保釈金とは、保釈のために裁判所に納めるお金のことです。その金額は裁判所が決定します。保釈金を納めることは刑事訴訟法によって定められています。

第九十三条 保釈を許す場合には、保証金額を定めなければならない。

引用元:刑事訴訟法第九十三条

また、保釈金を納めなければ保釈は行われません。

第九十四条 保釈を許す決定は、保証金の納付があつた後でなければ、これを執行することができない。

引用元:刑事訴訟法第九十四条

保釈請求が認められる場合は裁判所から金額の指定があります。そもそも保釈請求が認められない場合には金額の指定もされません。

保釈金の役割

保釈金の役割

保釈金を納めることで、被告人は一時的に身柄が解放されます。身柄拘束が解かれるというだけでも保釈金を支払うことの意味は大きいですが、それ以外にも保釈金はさまざまな役割を持っています。

刑事裁判の公正・公平を維持する

被告人には裁判で判決が出るまで推定無罪の原則がはたらきます。推定無罪とは『有罪の判決が出るまでは無罪として扱う』という意味を持っており、憲法上保障されている刑事裁判の原則です。

しかし、刑事被告人の多くは無罪推定を受けつつも身柄は拘束されたままです。このような身柄拘束は刑事裁判を進める上で被告人にとって大きな足かせとなります。また長期間の身体拘束はそれ自体が被告人への強い負担となります。

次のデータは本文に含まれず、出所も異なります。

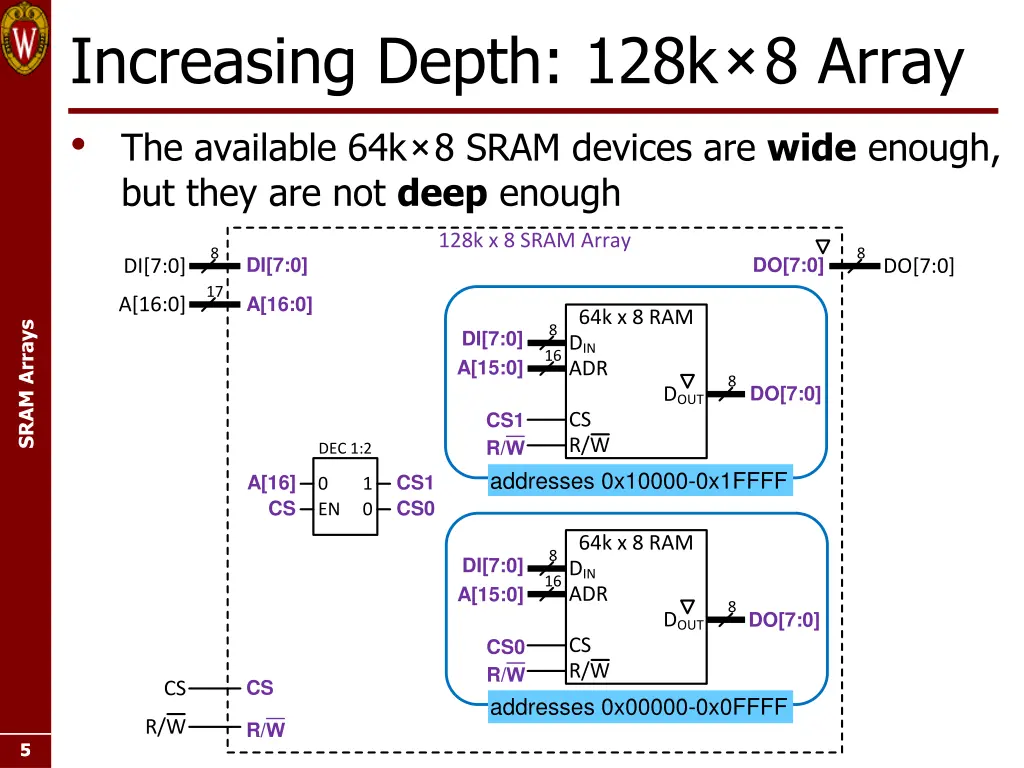 increasing depth 128k 8 array the available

そのため、保釈金を支払って一時的な身柄解放を認めることにより被告人の負担を軽減することは、刑事裁判の公平公正を保つ上で重要といえます。

具体的不利益の解消

刑事裁判は早くても起訴されてから終了するまで2ヶ月程度はかかります。この場合、被告人の身柄を拘束し続けることは、その日常生活に重大な支障となる可能性があります。例えば、長期間の身体拘束は被告人の職を奪ったり、住居の賃貸借契約を解除されたりという不利益が考えられます。

また、被告人に介護を必要とする家族や扶養の家族がいた場合、長期間の身体拘束はこれら親族への負担にもなります。

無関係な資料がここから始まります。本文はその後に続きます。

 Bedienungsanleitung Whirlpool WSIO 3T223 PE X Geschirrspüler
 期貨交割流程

保釈によって一時的な身柄解放を認めることで、これら具体的な不利益を緩和するという効果も期待できます。

保釈金の意味

保釈が認められると被告人には保釈中に守らなければいけない条件が提示されます。

  1. 必ず裁判に参加し、理由のない欠席はしないこと
  2. 逃走しないこと
  3. 証拠隠滅はしないこと
  4. 事件の加害者や被害者に害や恐怖を与えるような行動をしないこと
  5. 保釈請求で申し出た住所ではないところに住まないこと
  6. そのほかにも裁判所の定める条件に違反してはならない

もしこの条件に違反した場合は保釈が取り消され、保釈金は全額または一部が没収されるということが刑事訴訟法で定められています。

第九十六条 第二項、第三項

○2 保釈を取り消す場合には、裁判所は、決定で保証金の全部又は一部を没取することができる。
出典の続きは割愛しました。